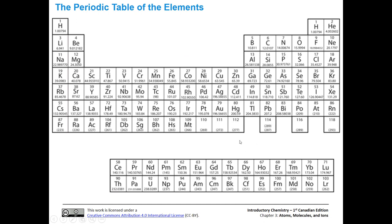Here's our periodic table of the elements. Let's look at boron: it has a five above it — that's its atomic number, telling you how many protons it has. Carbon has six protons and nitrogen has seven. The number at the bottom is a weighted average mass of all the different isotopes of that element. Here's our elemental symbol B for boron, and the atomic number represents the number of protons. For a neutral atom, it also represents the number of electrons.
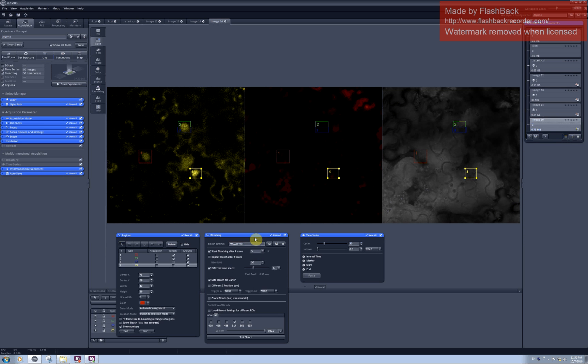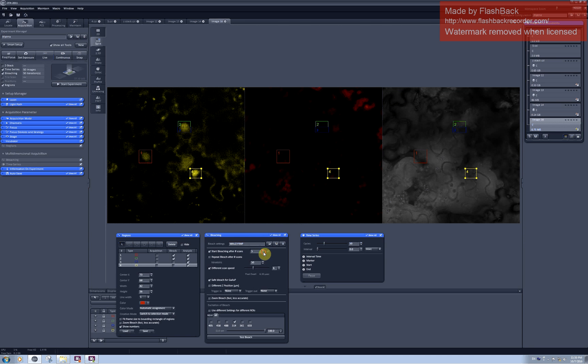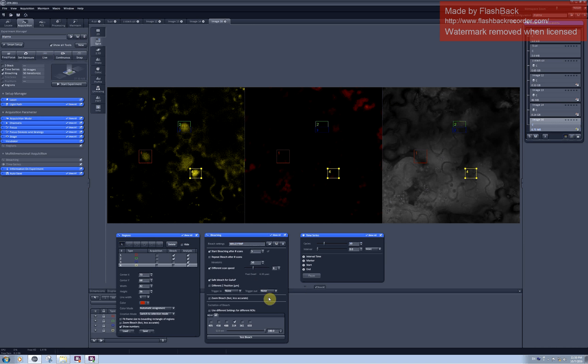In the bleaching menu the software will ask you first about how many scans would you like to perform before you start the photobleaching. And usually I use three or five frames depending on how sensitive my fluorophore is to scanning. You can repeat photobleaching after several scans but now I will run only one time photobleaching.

---

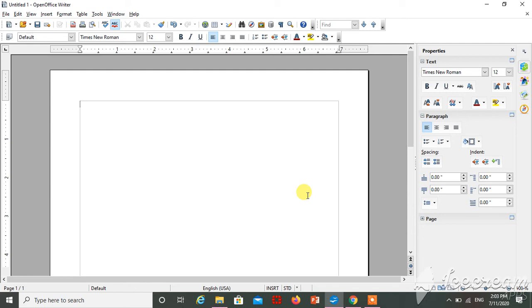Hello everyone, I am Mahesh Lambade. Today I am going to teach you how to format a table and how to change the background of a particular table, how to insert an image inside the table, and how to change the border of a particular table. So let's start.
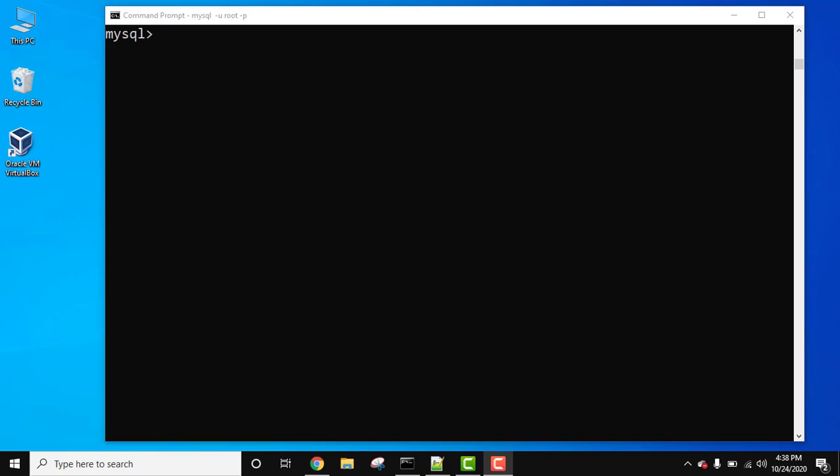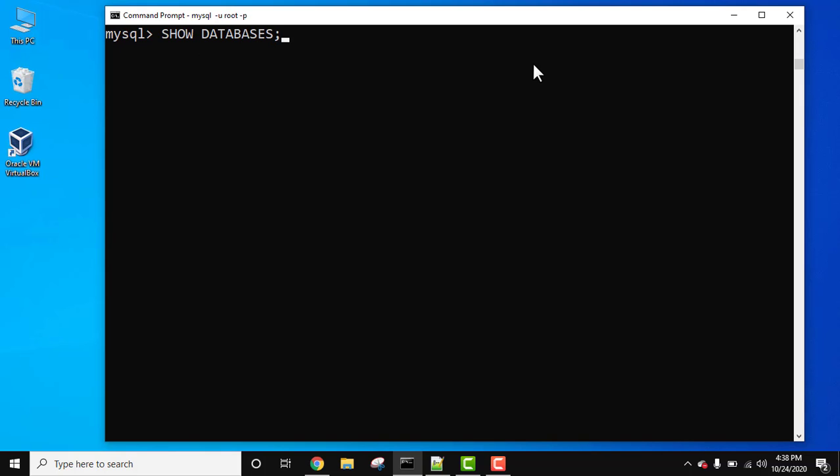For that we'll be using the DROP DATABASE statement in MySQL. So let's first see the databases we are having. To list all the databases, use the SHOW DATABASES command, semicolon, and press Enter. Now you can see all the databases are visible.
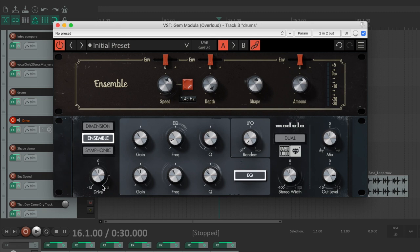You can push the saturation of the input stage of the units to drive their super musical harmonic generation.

• [Problem details]
Both boundary lines included, write out word for word only the lines above from the one containing "Here's our periodic" to the one containing "In the bleaching", leaving out any pictures.

• [Exercise solution]
Here's our periodic table of the elements. Let's look at boron: it has a five above it — that's its atomic number, telling you how many protons it has. Carbon has six protons and nitrogen has seven. The number at the bottom is a weighted average mass of all the different isotopes of that element. Here's our elemental symbol B for boron, and the atomic number represents the number of protons. For a neutral atom, it also represents the number of electrons.
In the bleaching menu the software will ask you first about how many scans would you like to perform before you start the photobleaching. And usually I use three or five frames depending on how sensitive my fluorophore is to scanning. You can repeat photobleaching after several scans but now I will run only one time photobleaching.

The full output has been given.